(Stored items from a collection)
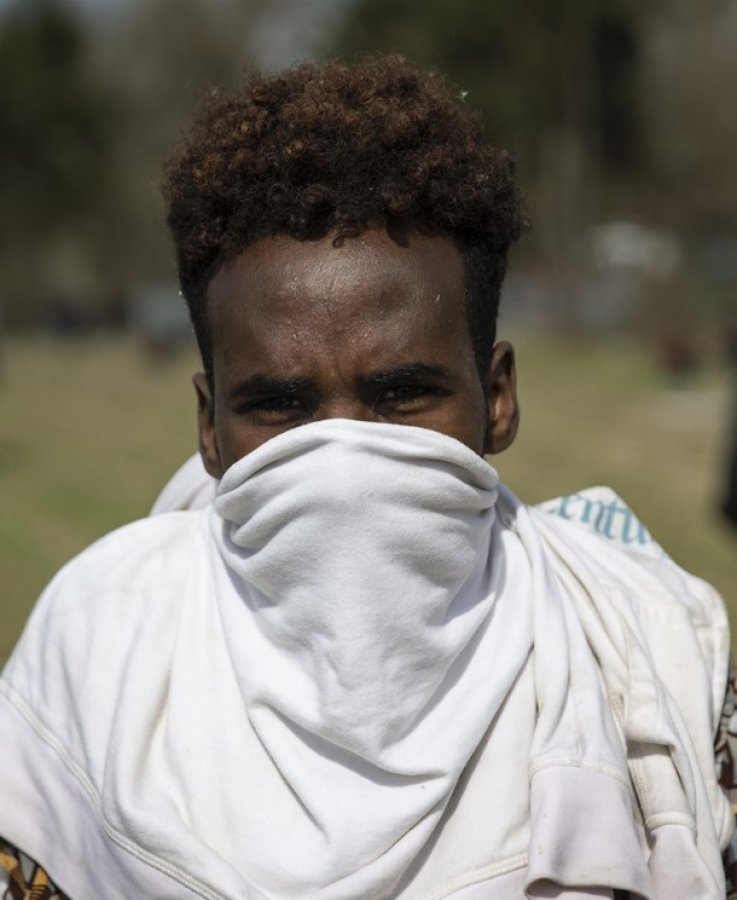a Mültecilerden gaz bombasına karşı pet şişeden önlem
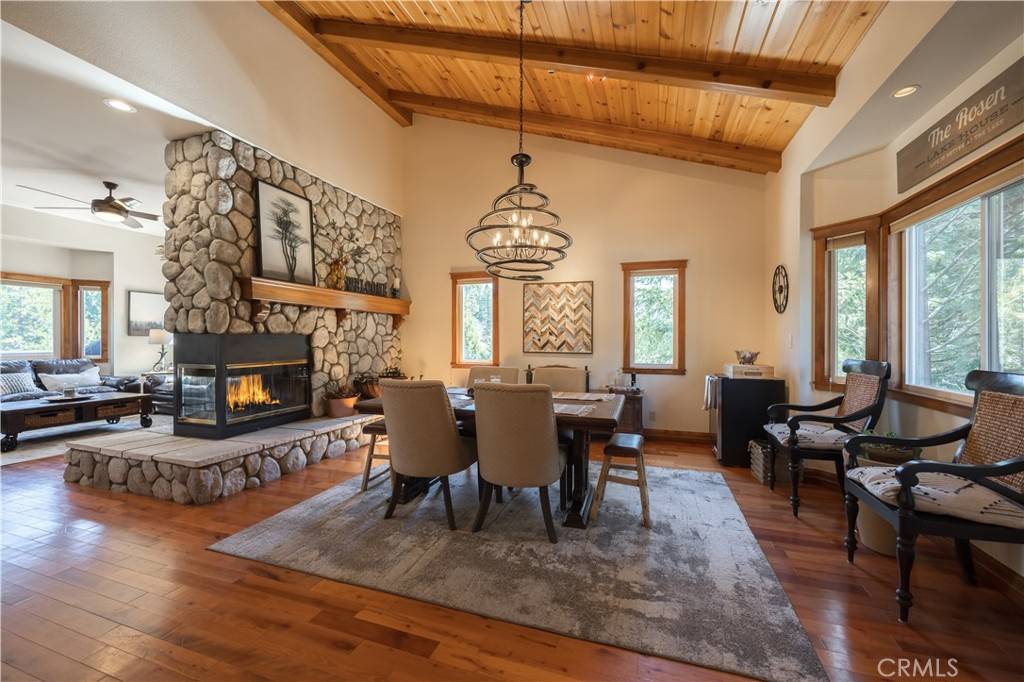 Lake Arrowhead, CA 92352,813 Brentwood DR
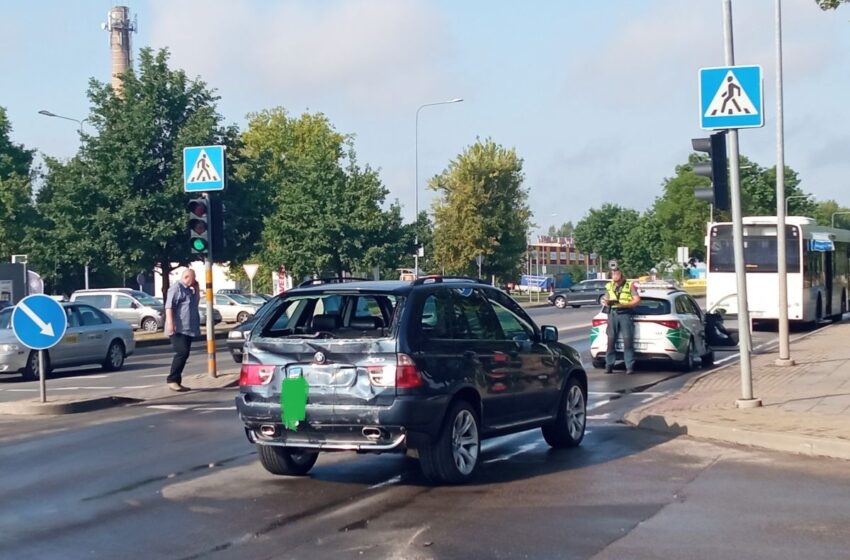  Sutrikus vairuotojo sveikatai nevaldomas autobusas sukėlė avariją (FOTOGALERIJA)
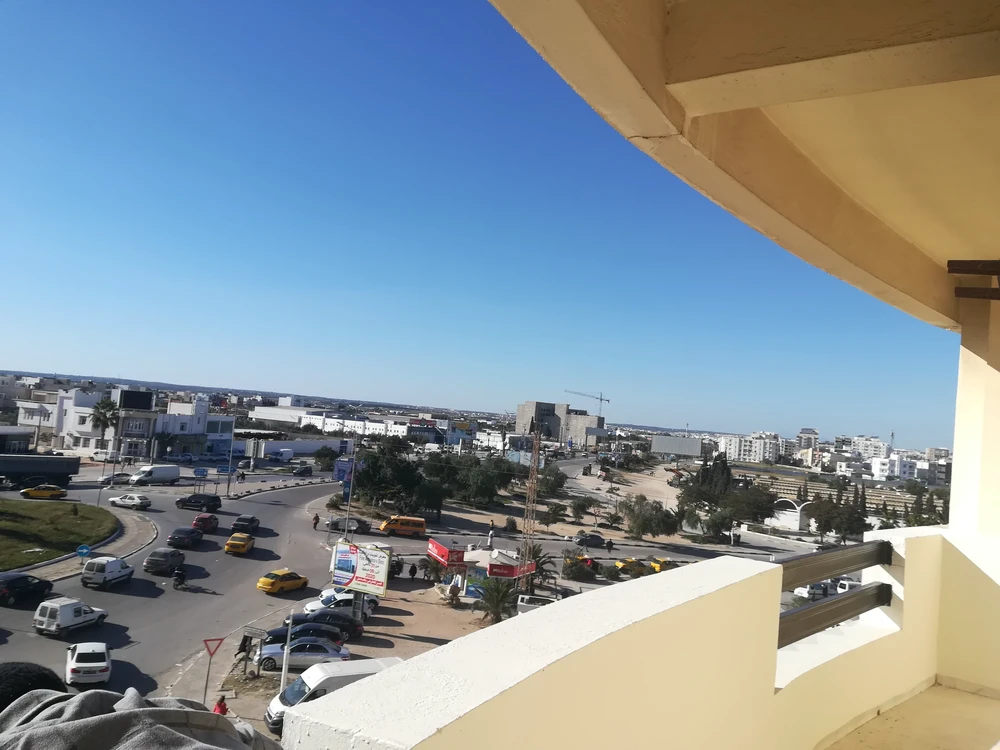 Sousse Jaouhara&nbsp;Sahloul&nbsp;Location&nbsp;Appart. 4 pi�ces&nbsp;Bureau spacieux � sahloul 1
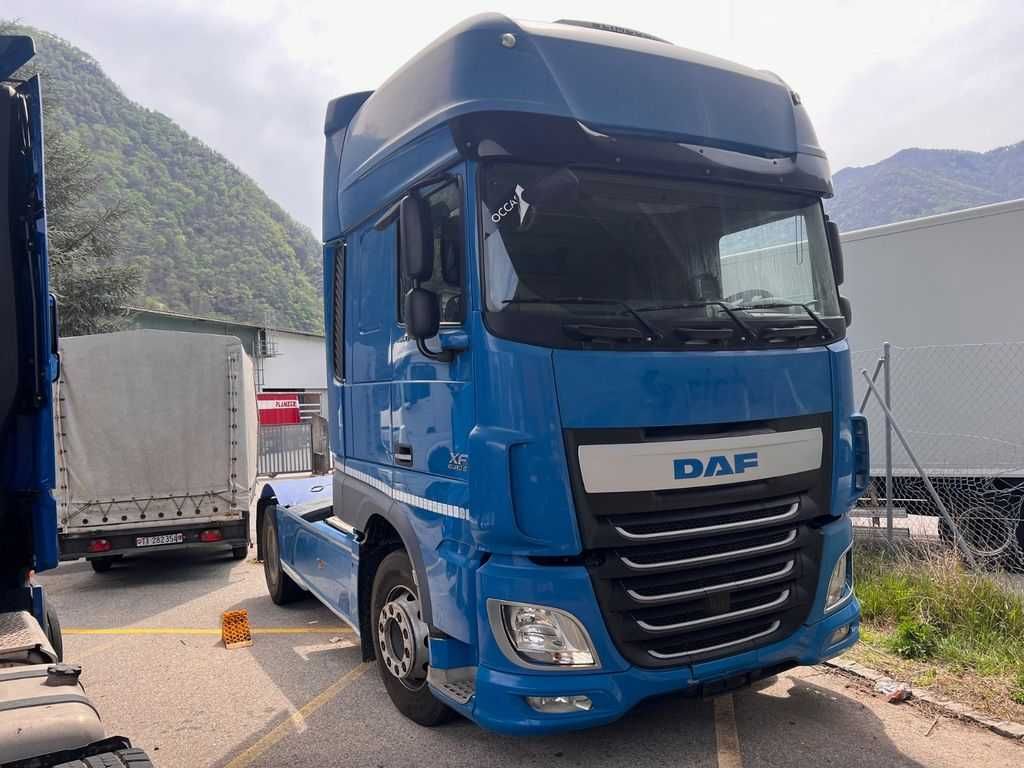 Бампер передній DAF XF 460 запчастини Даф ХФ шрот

## Aim of the task
Exact copy required, pictures excluded: the lines from the one holding "Sousse Jaouhara&nbsp;Sahloul&nbsp;Location&nbsp;Appart. 4" through the last line of the data, both ends included.

## Result for this exercise
 Sousse Jaouhara&nbsp;Sahloul&nbsp;Location&nbsp;Appart. 4 pi�ces&nbsp;Bureau spacieux � sahloul 1
 Бампер передній DAF XF 460 запчастини Даф ХФ шрот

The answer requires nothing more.